I like to tell people that photography found me.
When I graduated high school, I moved to Cleveland, TN on a music scholarship to attend Lee University. There, I studied Public Relations while touring with an acapella vocal ensemble. I always felt a pull towards the creative; music, painting, art and the likes, but never imagined a career would be possible for me. So the safe path I chose.
Upon graduating, I landed a corner office working for a large, multi-million dollar company in their Public Relations department. Perfect, right? Far from it. Saying goodbye to all my creative outlets and entering into a 9-5, I found myself incredibly claustrophobic, caged-in and unsatisfied. After two years of showing up, I decided it was time for adventure.
I made a quick decision to teach English in Seoul, South Korea, and away I went. Not knowing a lick of the language, but seeking “more”. Though aspects of living in a foreign country were certainly exciting, I realized quickly that the normalcy I was running from at home, simply moved with me overseas. I was again working not out of passion, but mere responsibility. Caged.
Upon moving back to the states, I got engaged to my college sweetheart, and we soon got married. I vacillated between a few different jobs, deeply frustrated at my own lack of commitment. I had never quit a thing in my life, but adulthood and the workforce met me with one ill-fit after another. I couldn’t settle into any career, and felt a deep drive that there was more. More. More.

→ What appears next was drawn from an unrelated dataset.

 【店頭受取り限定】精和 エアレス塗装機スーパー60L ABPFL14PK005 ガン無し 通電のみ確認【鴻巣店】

By the grace of God, I was connected with a family that needed some out-of-the-box help. A little work at their business, a little work at the home. Picking up kiddos and heating up supper. In a season where I felt I was floundering, it was respite for my soul.
Soon after, my husband and I found out we were expecting. We were elated. Sadly, just nine weeks into my pregnancy we lost the baby. Work had to go on hold. Everything had to go on hold.

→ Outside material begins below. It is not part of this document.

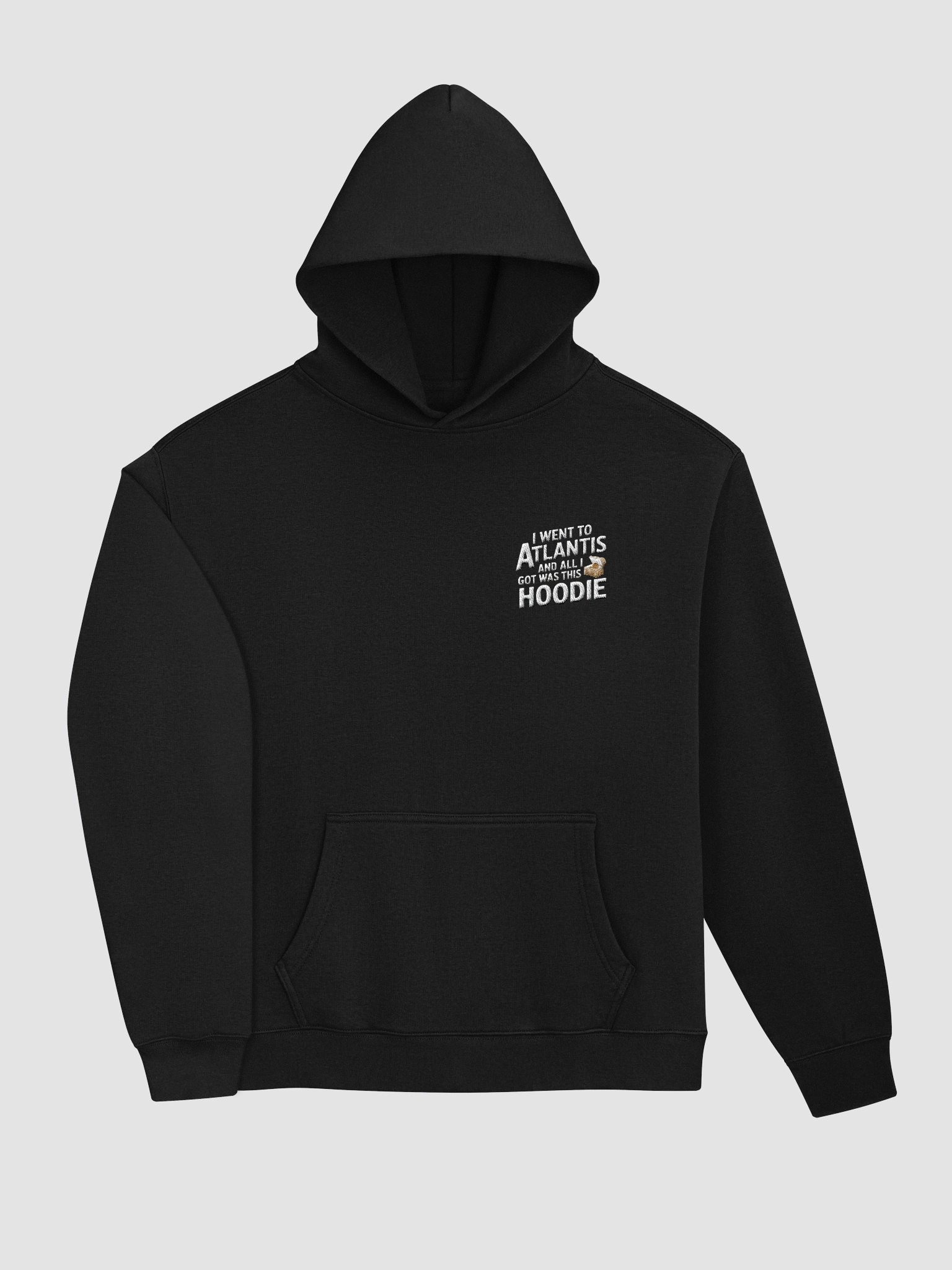 Atlantis Souvenir Hoodie — LL.HOOD-01 product image (7)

Coming back to work was difficult, but much needed. When I walked in the first day, there was a giant box wrapped up on their kitchen table with my name on it. When I approached it, I saw a small tag that said simply, “Laura, for all the children you will raise…”
I opened it to find a DSLR camera. My first DSLR camera. The camera that changed the entire trajectory of my life. Two months later, we found out we were expecting again, and this time our dreams came true. We had our son, Tristan, six years ago.
I became obsessed. With my son. With my camera. I immersed myself into education and daily practiced. A friend took notice and asked if I wouldn’t mind shooting her Christmas photos. That one shoot led to 28 shoots that December alone! 28! That April I booked my first wedding, and then my second, and by the next calendar year I had logged 30.
That was five years ago now, and I can say that my love hasn’t wained. We have added another little one, Gabrielle to the mix, and yes - my camera is still out on the table fulfilling its duty to capture my children.
I didn’t know doing what I do now was even an option for me, but here I am. They say when you love what you do, you never work a day in your life. Well, don’t get me wrong, being a wedding photographer is hard work ya’ll. But it is fulfilling work. Deeply fulfilling. Work that allows me to be an artist, all while being deeply connected to other souls on some of the most important days of their journeys. Journey’s just as sacred as my own.
I like to think, were not for all of the “missteps,” I wouldn’t be exactly where I am today. So maybe they’re weren’t missteps after all. Maybe photography really did find me. I’m sure glad it did.